Patrícia Falcão Duarte, secretária-geral da Federação Nacional das Cooperativas Agrícolas de Olivicultores (Fenazeites), partilha das preocupações expressas pelo presidente da APPITAD. “Se os olivais em Trás-os-Montes não forem regados, perdem-se.” Outra consequência surge associada à falta de água: o risco de abandono pelas famílias que obtêm parte do seu rendimento da produção olivícola, que este ano “vai sofrer muito”. “Provavelmente acabaremos por enfrentar os mesmos problemas que se observam em Espanha”, observa a dirigente associativa.

Os efeitos da seca já se fazem sentir no olival de sequeiro depois de longos períodos sem chuva a que se juntam os “efeitos da quebra muito grande na produção do ano passado”, confirma ao PÚBLICO Patrícia Duarte. E realça mais um pormenor: “Há quem pense que a oliveira é uma árvore de deserto, mas não é.” “[Se] não tivermos uma Primavera mais chuvosa, o olival de sequeiro não se aguenta.”

Apesar de mais vulnerável às alterações climáticas, há especialistas que defendem que o olival de sequeiro é mais benéfico para o clima. Um estudo recente de uma equipa de investigadores da Universidade de Jaén conclui que os olivais de sequeiro contribuem para a mitigação das alterações climáticas comparado com os que usam sistemas de rega. "Os olivais de sequeiro cultivados da forma tradicional absorveram significativamente mais CO2 do que os olivais que usam regadio e que os olivais intensivos, que se estão a tornar cada vez mais comuns".

Mas se a água que cai do céu é vital para a manutenção do olival de sequeiro, a mudança de mentalidades é igualmente decisiva, quando as alterações climáticas vieram impor novas regras no modo como se cultivam os campos, com exigência acrescida na região montanhosa do Norte do país.

“Temos de acabar com a forma excessiva como se continua a mobilizar o solo”, vincou ao PÚBLICO Carlos Correia professor e investigador na Universidade de Trás-os-Montes e Alto Douro (UTAD). A erosão do solo é um dos principais problemas ambientais na região mediterrânica. “Um século é o tempo que demora, em média, a formação de um centímetro de solo e, na actualidade, em poucas horas sofremos perdas superiores.”
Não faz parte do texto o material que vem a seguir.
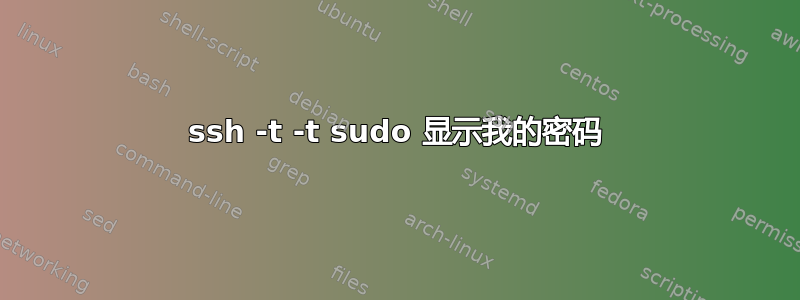 ssh -t -t sudo 显示我的密码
A experiência e o conhecimento adquirido dizem-lhe que um solo em que não se mexe “retém melhor a precipitação atmosférica, facilita a infiltração da água e aumento da matéria orgânica”. Esta técnica poderá ser uma das soluções para “manter os olivais de sequeiro com viabilidade económica em termos futuros”, refere o investigador. Considera que ainda não estaremos a assistir “ao fim do olival de sequeiro”, mas, se se continuarem a verificar precipitações muito baixas, o seu abandono será irreversível. Carlos Correia conclui: “Ainda não é uma realidade, mas é uma ameaça muito séria e está a ser difícil aceitar a mudança.”